Seokjin pernah membayangkan dirinya yang memperkenalkan diri dan bercengkerama dengan keluarga Namjoon di masa depan. Dia yang datang dengan pakaian terbaik miliknya dan rambut yang ditata rapi, sembari membawa buket bunga besar untuk ibu Namjoon dan makanan kesukaan untuk ayah Namjoon. Kemudian Seokjin akan mencoba mengambil hati mereka berdua dengan keceriaan dan kesiapan hatinya. Itu yang ada direncanakan Seokjin.

Sayangnya, rencana yang dibayangkan lebih banyak dipatahkan oleh rencana Yang Maha Kuasa.

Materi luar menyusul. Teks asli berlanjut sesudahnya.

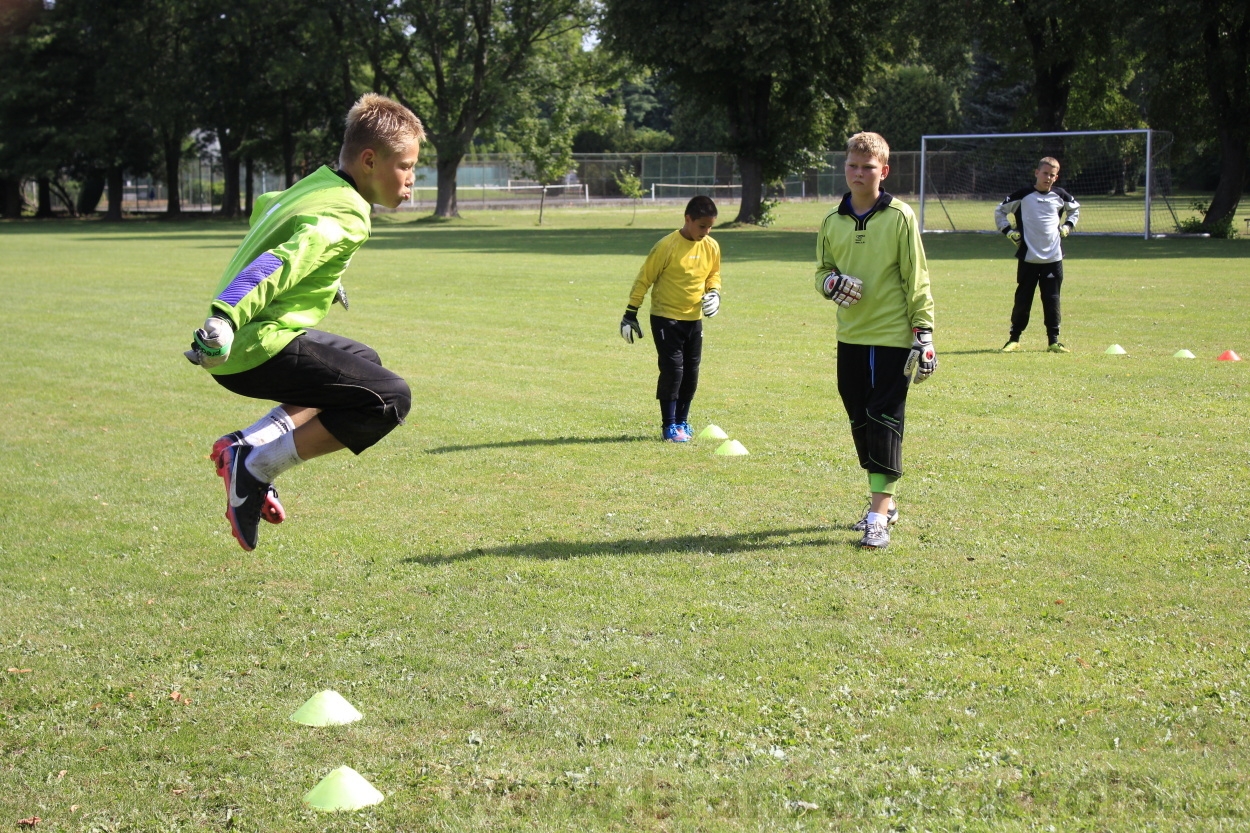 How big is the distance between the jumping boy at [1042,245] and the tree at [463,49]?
43389 mm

Contohnya seperti apa yang terjadi pada Seokjin pagi ini. Dia menghadap ke kedua orang tua Namjoon dengan keadaan baru bangun tidur serta baju dan rambut yang kusut meski sudah beberapa kali disisir. Seokjin yakin dirinya tak tampan sama sekali pagi ini.

“Kau baik-baik saja?” tanya Namjoon berbisik, khawatir melihat sang pacar yang tampak tegang.

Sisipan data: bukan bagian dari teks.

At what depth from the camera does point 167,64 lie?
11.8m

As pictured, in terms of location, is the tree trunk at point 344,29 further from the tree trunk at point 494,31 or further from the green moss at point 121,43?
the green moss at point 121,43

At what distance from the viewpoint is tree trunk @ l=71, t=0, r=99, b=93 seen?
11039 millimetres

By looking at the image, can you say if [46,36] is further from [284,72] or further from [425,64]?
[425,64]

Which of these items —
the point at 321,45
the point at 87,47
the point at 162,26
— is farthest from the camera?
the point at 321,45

“Aku baik-baik saja,” jawab Seokjin cepat, mencoba meyakinkan Namjoon dengan senyum kotaknya.

Seharusnya begitu. Tapi, cara duduk Seokjin yang terlalu tegak, kedua tangan yang mengepal di atas paha yang saling menempel tanpa celah, sama sekali tidak menggambarkan ketenangan yang sedetik lalu diucapkan. Namjoon tersenyum saja melihat tingkahnya yang menggemaskan itu.

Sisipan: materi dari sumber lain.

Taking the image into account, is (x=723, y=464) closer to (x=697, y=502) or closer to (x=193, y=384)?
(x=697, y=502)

Berada di tengah-tengah keluarga kecil Namjoon selama setengah jam merubah Seokjin menjadi seorang pengamat. Keluarga Namjoon sangatlah berbeda dengan keluarga Seokjin di rumah. Keluarga kecil yang tak punya anak tertua maupun termuda ini didominasi oleh ketenangan dari sang kepala keluarga yang serius sekali menatap tablet pintar di tangan. Sementara itu, sang ibu dengan gesit menyiapkan segala jenis makanan ke atas meja dan juga semangkuk nasi ke masing-masing orang yang sedang menunggu di kursinya. Melihat betapa sibuknya beliau membuat Seokjin segan dan ingin membantu, tapi Namjoon menahannya dengan gelengan.

Selama sarapan, tidak ada satupun kalimat yang keluar dari mulut orang tua Namjoon. Begitu juga dengan Namjoon, dia hanya diam dan menikmati makanannya dengan lahap. Hanya suara dentingan sumpit dan sendok yang beradu dengan mangkuk nasiyang mengisi keheningan di meja makan.

Sungguh. Keadaan pagi keluarga ini sangat berbeda dengan keluarga Seokjin.

“Aku baru pertama kali lihat ada keluarga yang begitu pendiam saat sarapan.”

Namjoon sontak menoleh begitu Seokjin mengeluarkan isi hatinya tentang keluarganya, pun tersenyum mendengus sebelum menjawab. Mereka berdua kini duduk bersebelahan di atas sofa, hanya berdua saja, setelah orang tua Namjoon meninggalkan mereka untuk pergi bekerja.

“Benar-benar berbeda dengan keluargaku,” tambah Seokjin lagi.

“Oh ya? Sejauh apa perbedaannya?”

“Keluargaku punya empat anggota termasuk diriku.” Seokjin meletakkan gelas jusnya ke
atas meja coffee table. “Ayahku sangat senang bicara bahkan saat di meja makan. Beliau senang sekali membicarakan kejadian-kejadian di kantornya dengan jenaka. Padahal kalau dipikir lagi, ceritanya sama sekali tidak selucu yang seharusnya. Ibuku juga tak jauh berbeda. Beliau suka menanggapi seluruh cerita ayah, dari yang seru sampai yang tidak penting sekalipun. Adikku, Soobin, juga tak kalah ributnya. Tapi, dia lebih suka membuatku mengomelinya dan meneriakinya karena keisengannya memindahkan sayuran ke atas nasiku. Dia benci sayuran tapi bisa lebih tinggi dariku. Menyebalkan.”

Seokjin yang terlampau ekspresif berhasil menerbitkan senyum Namjoon. Dia sampai
perlu merubah posisi duduknya menjadi miring dengan sisi tubuh menyender pada
punggung sofa. Sementara lengannya dia letakkan di sisi atas sofa sembari mengepalkan tangan untuk dijadikan tumpuan pelipis.